The leaked “1st Draft” opinion of the U.S. Supreme Court in Dobbs v. Jackson Women’s Health Organization that was published yesterday by Politico would, if officially released by the Court, overturn both Roe v. Wade (1973) and Planned Parenthood v. Casey (1992), the key precedents securing a woman’s constitutional right to terminate a pregnancy.
The author of the leaked draft opinion, Justice Samuel Alito, makes the standard conservative argument against abortion rights. “The Constitution makes no reference to abortion,” Alito writes, “and no such right is implicitly protected by any constitutional provision, including the one on which the defenders of Roe and Casey now chiefly rely—the Due Process Clause of the Fourteenth Amendment.
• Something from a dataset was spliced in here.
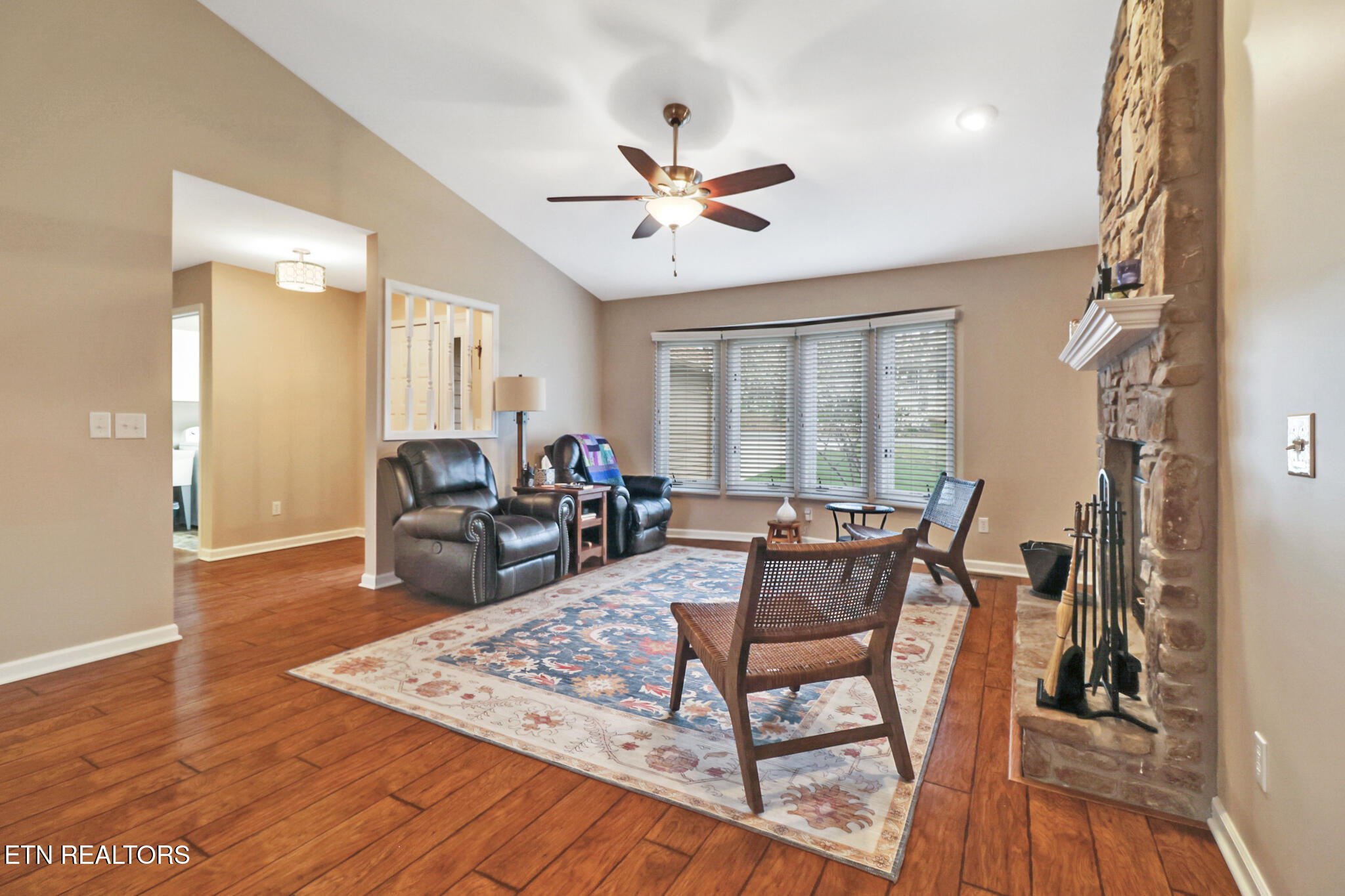 207 Overlook Lane Crossville, TN 38558 - Photo 8 of 53 LIVING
That provision has been held to guarantee some rights that are not mentioned in the Constitution, but any such right must be ‘deeply rooted in this Nation’s history and tradition’ and ‘implicit in the concept of ordered liberty.'” Alito continues: “The right to an abortion does not fall within this category.”
But there is at least one big way in which the unenumerated right at issue in Dobbs may very well fall into this category. Namely, the right to terminate a pregnancy may be justly seen as a subset of the right to bodily integrity. And the right of bodily integrity has a very impressive historical pedigree indeed. In fact, as the legal scholar Sheldon Gelman detailed in a 1994 Minnesota Law Review article, the right to bodily integrity may be traced back to the Magna Carta. That makes it one of the many rights “retained by the people” (in the words of the Ninth Amendment) that were imported from English law into the Constitution.
The constitutional right at issue in Dobbs only fails the “deeply rooted” in history and tradition test (a test wholly invented by the Supreme Court, by the way) when the Court defines the right narrowly. But when the right is defined broadly—defined as a subset of the venerable and longstanding right of bodily integrity, in other words—then the right passes the test.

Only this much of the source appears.